Does this work on the c++ side? In principle it should as everything should live until the end of the statement. But in this case we create a temporary frame, from which we get a const & to a collection on which we then call size, so I am not entirely sure.

jmcarcell commented 1 month ago

Yes, on C++ there aren't any surprises and you can do everything in one line. But here frames[0] not being alive before the line ends seems unexpected.

wlav commented 1 month ago

C++ and Python have different rules for temporaries: C++ guarantees that the lifetime of temporaries is at least until the end of the statement; in Python, temporaries go away whenever the reference count returns to zero, which may be in the middle of a long statement. If a C++ method returns something by reference to data that lives in a temporary object (that came to be from a different function call, say, in the long statement), then that data may go away before the end of life of the reference.

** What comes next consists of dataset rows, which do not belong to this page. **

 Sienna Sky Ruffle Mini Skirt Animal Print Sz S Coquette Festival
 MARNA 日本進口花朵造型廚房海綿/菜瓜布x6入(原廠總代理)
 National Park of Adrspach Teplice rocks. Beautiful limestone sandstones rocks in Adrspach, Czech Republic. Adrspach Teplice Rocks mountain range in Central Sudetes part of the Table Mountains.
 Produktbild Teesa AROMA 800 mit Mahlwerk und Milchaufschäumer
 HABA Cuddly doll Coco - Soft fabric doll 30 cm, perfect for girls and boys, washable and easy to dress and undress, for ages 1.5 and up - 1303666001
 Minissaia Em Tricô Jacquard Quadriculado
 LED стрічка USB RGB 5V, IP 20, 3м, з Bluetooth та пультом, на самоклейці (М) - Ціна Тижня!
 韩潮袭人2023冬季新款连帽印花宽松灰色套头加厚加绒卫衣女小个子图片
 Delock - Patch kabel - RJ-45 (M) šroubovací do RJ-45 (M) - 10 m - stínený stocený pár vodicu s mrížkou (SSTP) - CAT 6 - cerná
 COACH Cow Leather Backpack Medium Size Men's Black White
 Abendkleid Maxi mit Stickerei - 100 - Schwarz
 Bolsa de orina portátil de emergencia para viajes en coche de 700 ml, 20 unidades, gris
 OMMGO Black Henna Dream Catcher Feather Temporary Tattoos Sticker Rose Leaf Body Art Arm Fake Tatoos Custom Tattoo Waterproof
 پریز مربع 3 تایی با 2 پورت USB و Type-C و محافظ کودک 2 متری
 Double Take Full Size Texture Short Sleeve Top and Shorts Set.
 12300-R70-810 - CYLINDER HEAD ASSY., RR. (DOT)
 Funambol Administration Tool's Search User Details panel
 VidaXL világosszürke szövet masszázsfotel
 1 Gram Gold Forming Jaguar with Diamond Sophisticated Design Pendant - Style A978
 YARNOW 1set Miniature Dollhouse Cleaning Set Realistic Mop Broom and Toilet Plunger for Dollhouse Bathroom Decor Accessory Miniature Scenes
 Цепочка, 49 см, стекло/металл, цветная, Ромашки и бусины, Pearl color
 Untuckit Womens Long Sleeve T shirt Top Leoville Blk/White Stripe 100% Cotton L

cppyy tries to set "lifelines" from such references onto the object that holds the data by checking whether the reference points to somewhere within the object on which the method was called. This automatic system would fail if the reference is to something that is not part of the temporary, but is still controlled by that temporary. E.g. if the reference points into data that is held by pointer by the object.